Une association de défense des droits des travailleurs se tourne vers les tribunaux pour tenter de mettre fin au système des permis fermés pour les travailleurs étrangers. Lors d’une audience visant à faire autoriser une action collective contre le gouvernement fédéral, mercredi, elle a réclamé des dédommagements pour tous les travailleurs étrangers temporaires qui n’ont pas eu le droit de changer d’employeur au Canada depuis 1982.

« Travailler au Canada avec un permis de travail fermé, c’était vivre dans une prison invisible », a affirmé Byron Acevedo, devant le palais de justice de Montréal. Cet ancien travailleur agricole guatémaltèque est le représentant du groupe dans la demande d’autorisation d’exercer une action collective entendue en Cour supérieure.

La demanderesse, l’Association pour les droits des travailleuses·rs de maison et de ferme (DTMF), dénonce le système de permis de travail temporaires mis en place par le gouvernement du Canada, qui contraint ceux-ci à travailler pour un « employeur spécifique ».

Cette réglementation ouvre la porte à des abus et laisse les travailleurs migrants vulnérables devant leur employeur, craignant d’être expulsés dans leur pays d’origine s’ils décident de porter plainte, affirme l’association.

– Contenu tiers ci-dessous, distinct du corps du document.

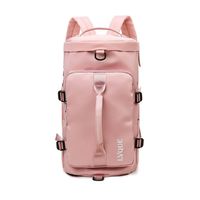 Bolso De Viaje Impermeable Mochila Multiusos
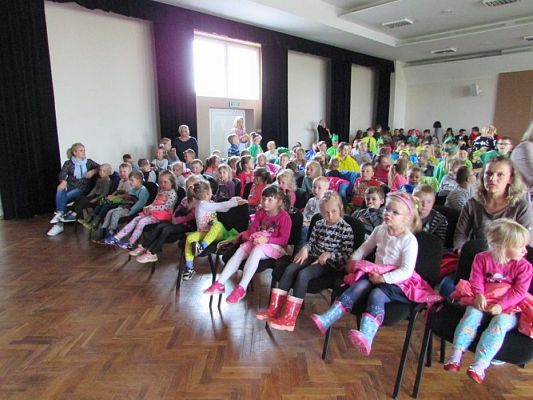 Grafika #0: 07.06.2017 Dzień Przedszkolaka w Szkole Podstawowej w Wicku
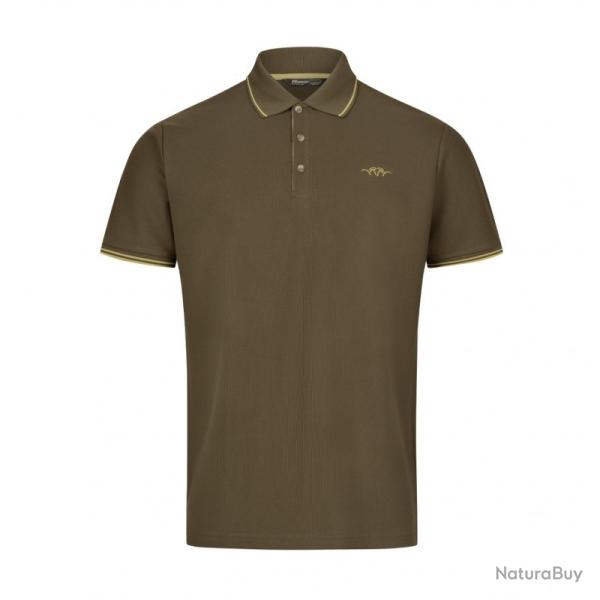DESTOCK !!! Polo Blaser homme MARRON 22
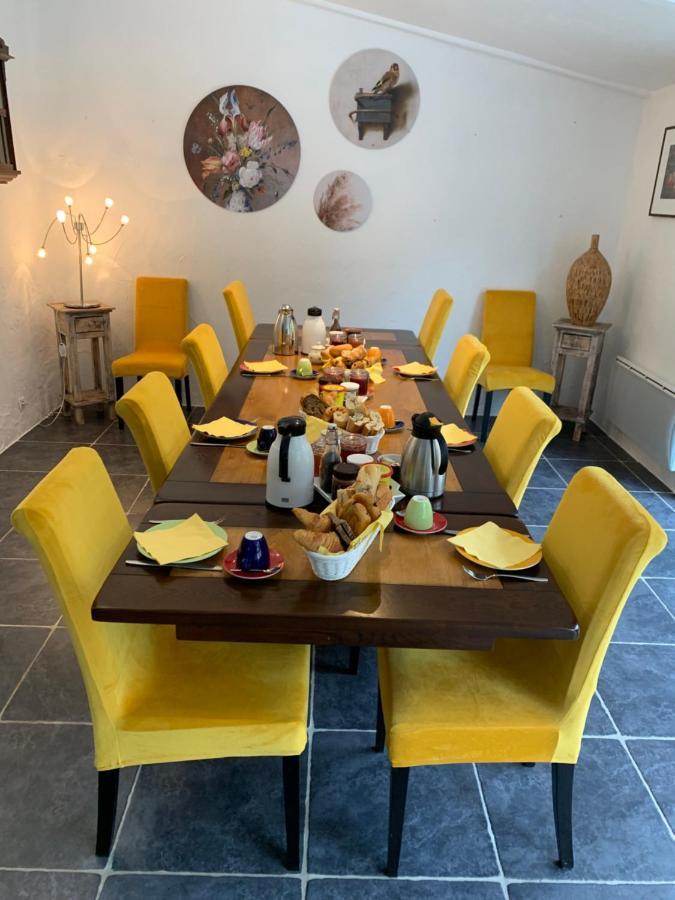 Maison Castellane Chambre D'Hotes B&B Εξωτερικό φωτογραφία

D’après les documents remis au tribunal, la partie demanderesse juge que ces permis violent plusieurs dispositions de la Charte canadienne des droits et libertés, notamment le droit à la vie, à la liberté et à la sécurité de sa personne.

L’association demande qu’Ottawa verse des dommages-intérêts à tous les travailleurs migrants ayant œuvré au Canada depuis 1982, soit depuis l’adoption de la Charte, ce qui représente plus de deux millions de personnes, selon Eugénie Depatie-Pelletier, présidente du Conseil d’administration de DTMF. Elle réclame aussi des dommages punitifs.

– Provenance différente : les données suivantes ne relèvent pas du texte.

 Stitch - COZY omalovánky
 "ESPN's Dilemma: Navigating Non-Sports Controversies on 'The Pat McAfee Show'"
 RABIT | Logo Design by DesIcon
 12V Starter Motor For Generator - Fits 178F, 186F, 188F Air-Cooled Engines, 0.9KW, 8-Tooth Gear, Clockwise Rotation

Le gouvernement du Canada soutient que le groupe déterminé par les demandeurs est « trop large », puisqu’il inclut tous les travailleurs ayant œuvré au Canada depuis 1982, peu importe le type d’emploi qu’ils ont occupé. Il est impossible de prouver que les membres du groupe ont subi un dommage commun, a plaidé Me Émilie Tremblay, qui représente le procureur général du Canada.

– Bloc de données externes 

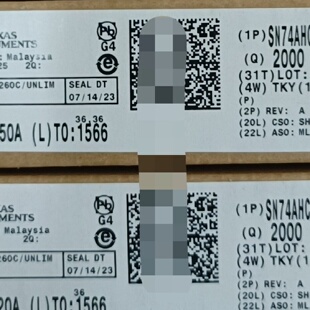 【询价】SN74AHC125PWR TI/德州仪器 。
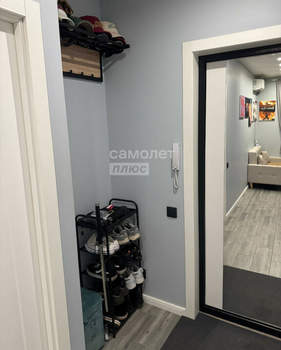 1-к квартира, вторичка, 34м2, 10/13 этаж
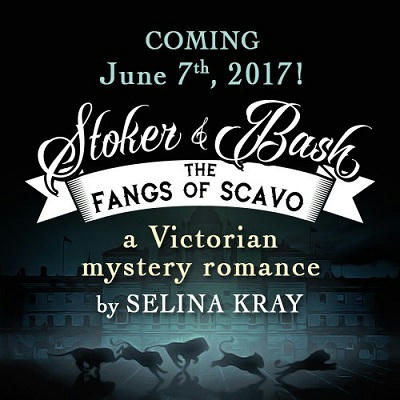 Selina Kray - The Fangs of Scavo 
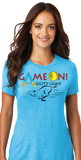 GONC/Women TriBlend SUPER SOFT Tee/DM130L/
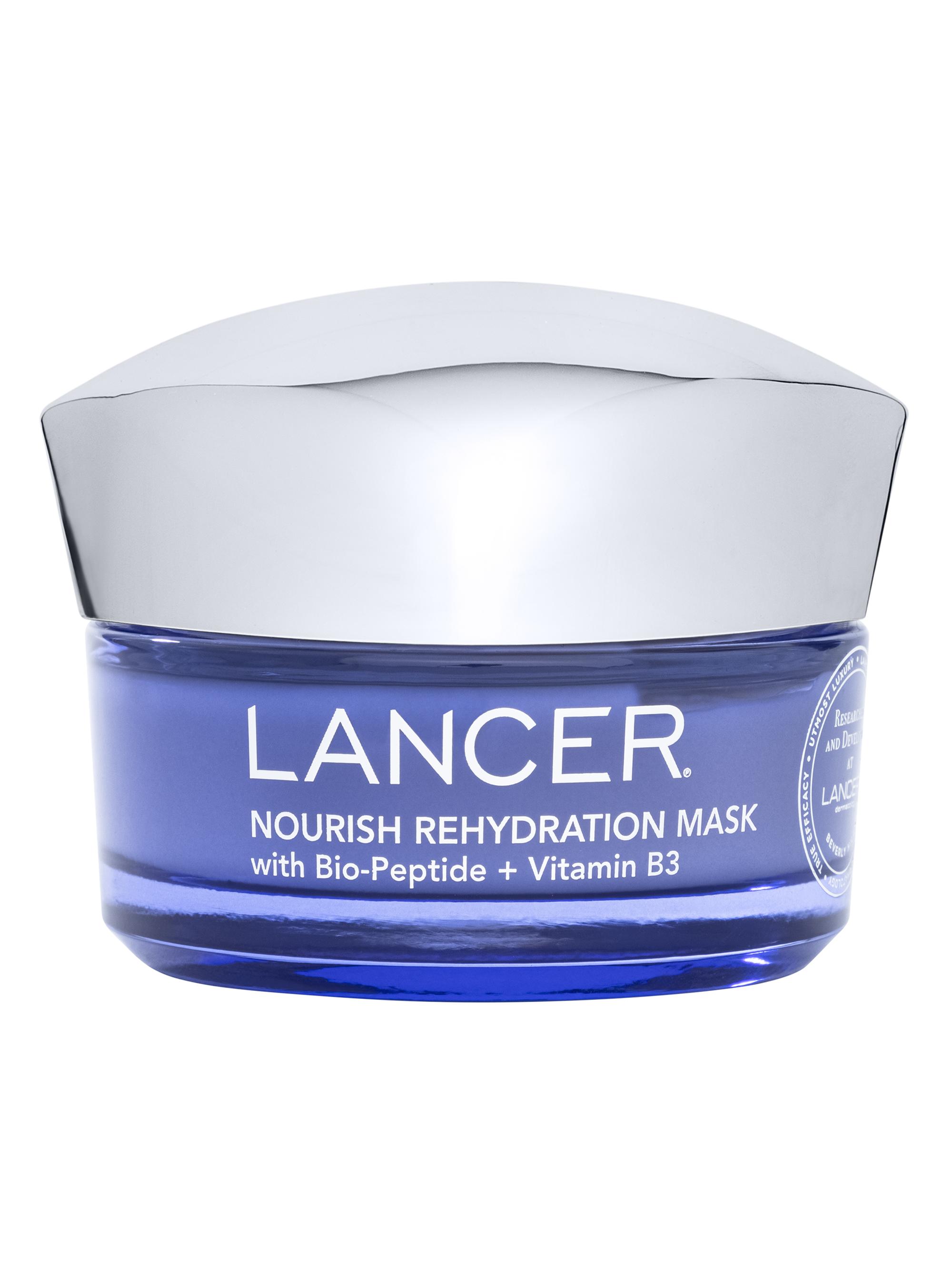 Lancer Women's Nourish Rehydration Mask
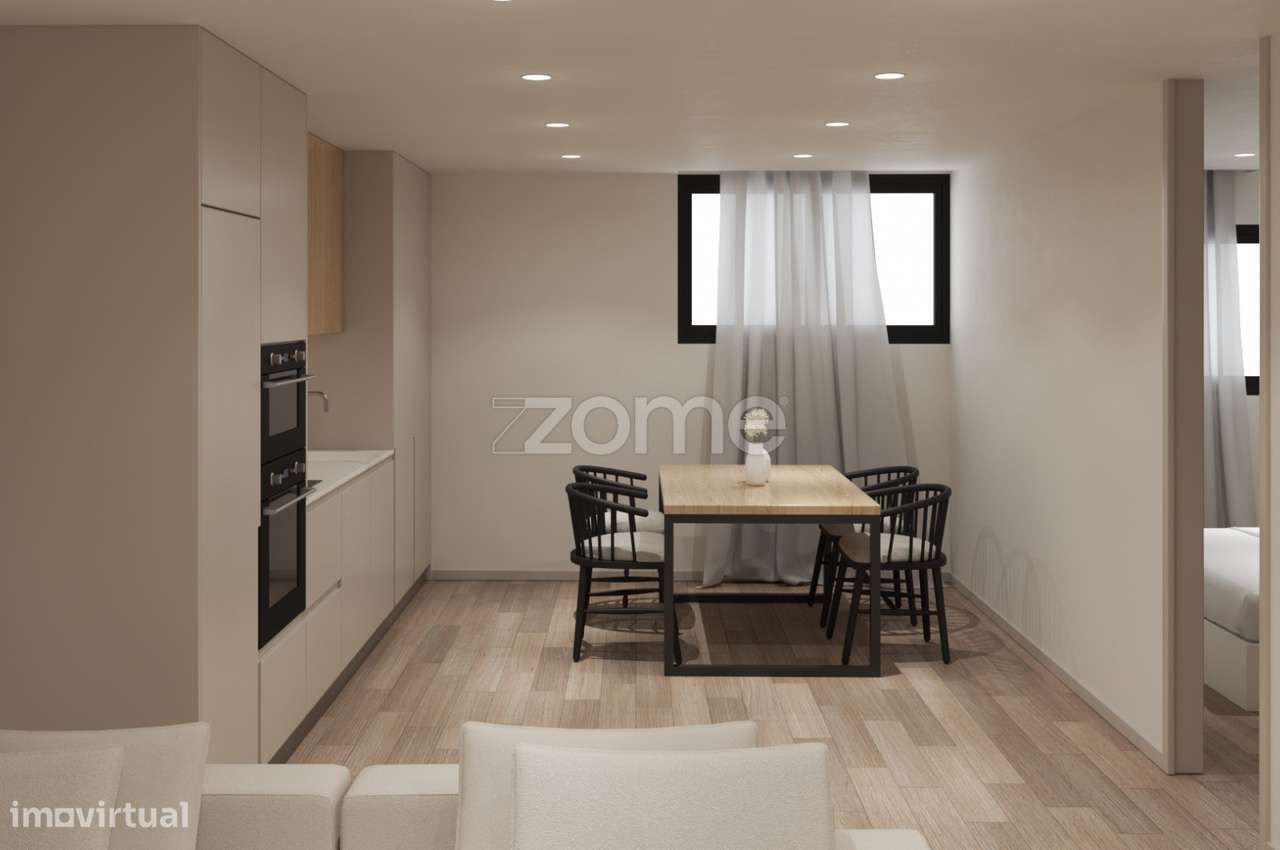 Apartamento T1 Arnoso (Santa Maria) - Grande imagem: 2/16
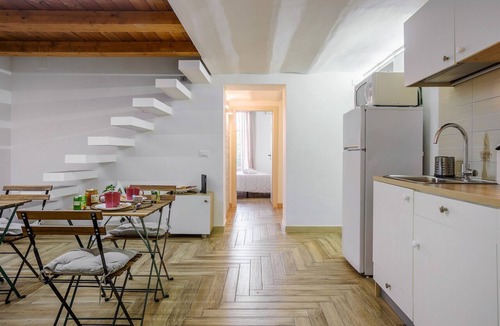 Palermo Apartment | Calypso il binario Elegance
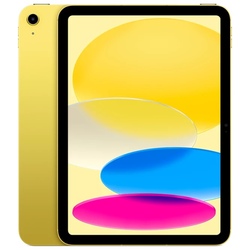 Planşet Apple iPad 10.9 Wi-Fi 64GB Yellow 2022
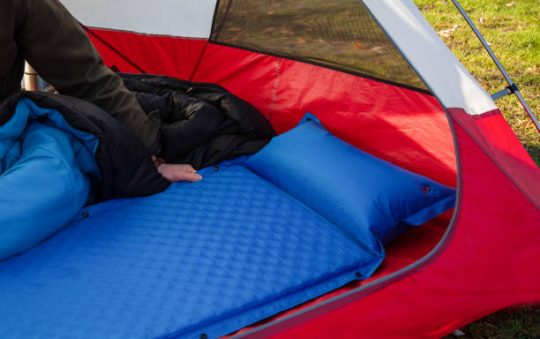 Quel type de sac de couchage pour une semaine en camping ?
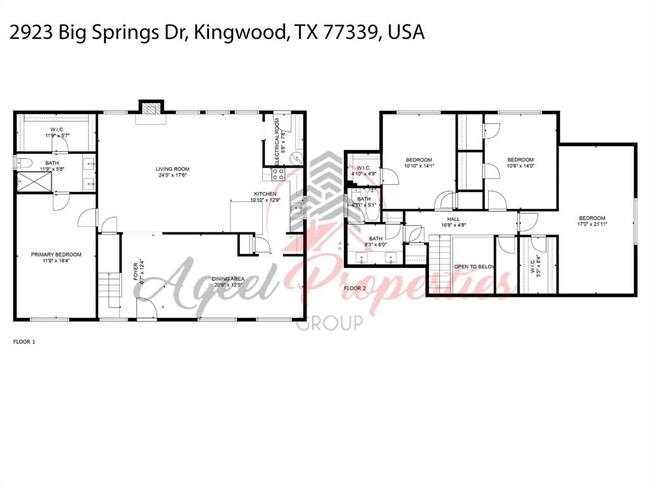 Foto del edificio - 2923 Big Springs Dr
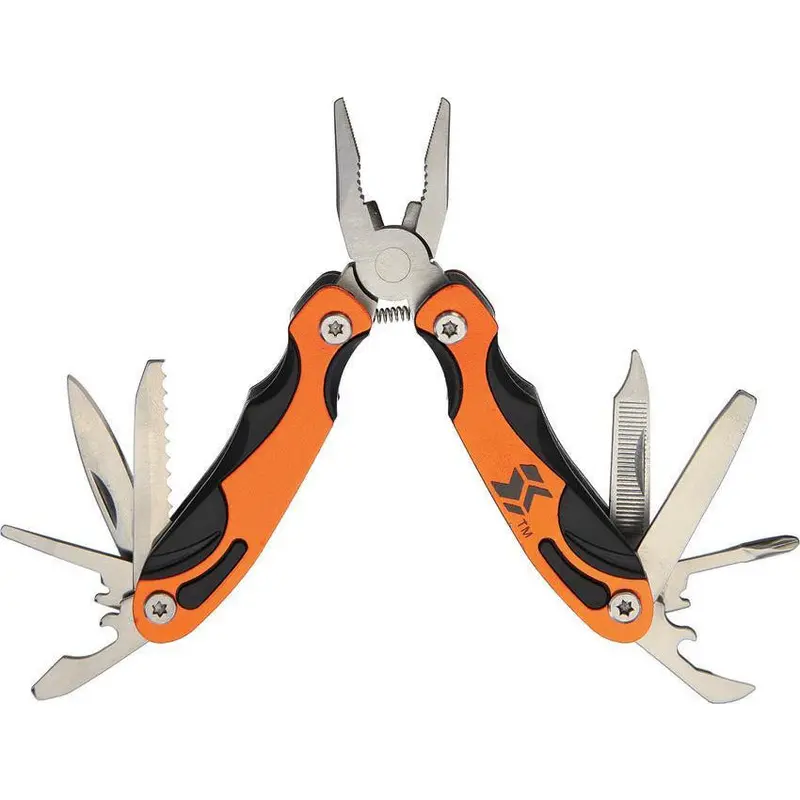 Swiss Tech 12-In-1 Pocket Multi-Tool – Full-Featured Compact Organizer 1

« Il n’y a pas d’allégations de points communs entre les expériences de travail de tous les travailleurs étrangers temporaires », a-t-elle affirmé lors de l’audience.

Menaces et harcèlement

Byron Acevedo a travaillé dans le secteur agricole de 2014 à 2022.

« Avant de venir [au Canada], je croyais que je travaillerais dans un pays où mes droits seraient respectés et où je serais traité de la même manière qu’un travailleur canadien, mais ma réalité a été totalement différente », a-t-il confié.

Lors de ses séjours, il raconte avoir subi du harcèlement psychologique et des menaces de déportation de la part de ses employeurs. Il s’est blessé au dos en 2015, alors qu’il tentait d’attraper une dinde. Après avoir attendu plusieurs heures que son employeur accepte de le transporter aux urgences, il a obtenu un congé maladie du médecin.

Le congé maladie de M. Acevedo a été renouvelé à plusieurs reprises et son employeur l’a « accusé de simuler, de mentir et de profiter de la situation pour ne pas travailler » et a même menacé de le faire expulser dès qu’il le pourrait.

Il a ensuite travaillé dans une ferme laitière où il se faisait « fréquemment [frapper] par les animaux ».

De 2020 à 2022, il a travaillé pour une autre entreprise laitière. M. Acevedo y décrit de mauvaises conditions de vie, notamment le surpeuplement et le manque d’intimité dans les logements fournis par l’employeur.